“WHAT DO YOU HAVE WITHOUT
PRIDE OF WORKMANSHIP? JUST A
JOB, TO GET SOME MONEY. THERE'S
NOT MUCH JOY IN THAT” - Edward Deming
While paging through the latest issue of Monocle magazine - I came across the story of a Hungarian fashion brand that is determined to produce luxury apparel for less than £500 (which in South African terms is an enormous amount of money).
I'm not too sure why I was so surprised considering also that I was recently looking at possibly buying a Canada Goose jacket (which I will be needing for an Artic Circle excursion at the end of the year). That was until I found out that Canada Goose jackets cost over R12k for the one that I wanted.
But in South Africa - the idea of quality workmanship is largely foreign to us. I'm going to go out on a limp here, but I suspect that the vast majority of people working standard 9-5 jobs in our banks, supermarkets, restaurants, factories etc. are there to get a pay cheque at the end of the month - not to practice and improve the quality of their craft and on-the-job workmanship.

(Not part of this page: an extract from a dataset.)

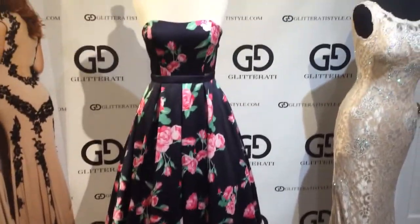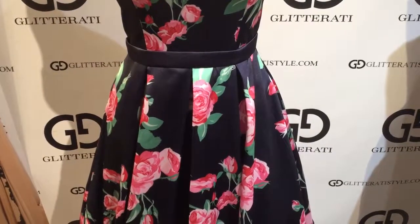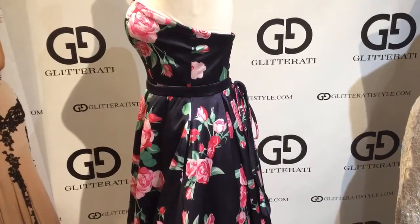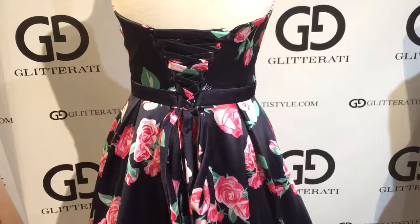a belt at the waist, pleats on the skirt, pockets, and a corset back.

In most cases - performance appraisals in South African companies measure whether or not somebody has conformed to the basic standard outlined in the job spec. The aim then is to simply offer a work quality that ensures that you don't get fired - rather than embracing the opportunity to become a skilled master at a craft over time.
It's no wonder then that South African companies are struggling to build world-class brands that can compete with the best of the best internationally.
There are countless institutions and research think tanks that are pondering and contemplating what the future of work looks like. But 'work' is a vastly different concept to 'workmanship' - which as the name suggests, is work that only a human can perform.
Workmanship is about personal pride, about a journey of improvement, constant learning and practice; and ultimately is a purposeful-endeavour which can never be replicated by a machine, because it is work infused with passion and creativity.
Quality workmanship carries a price premium and is the kernel of great brands that are sustainable and resilient.
The future of work discussion cannot just be a debate about output and productivity, work is a deeply personal and self-satisfying activity...and perhaps the increase in the quality of workmanship is theme that is missing from our minds.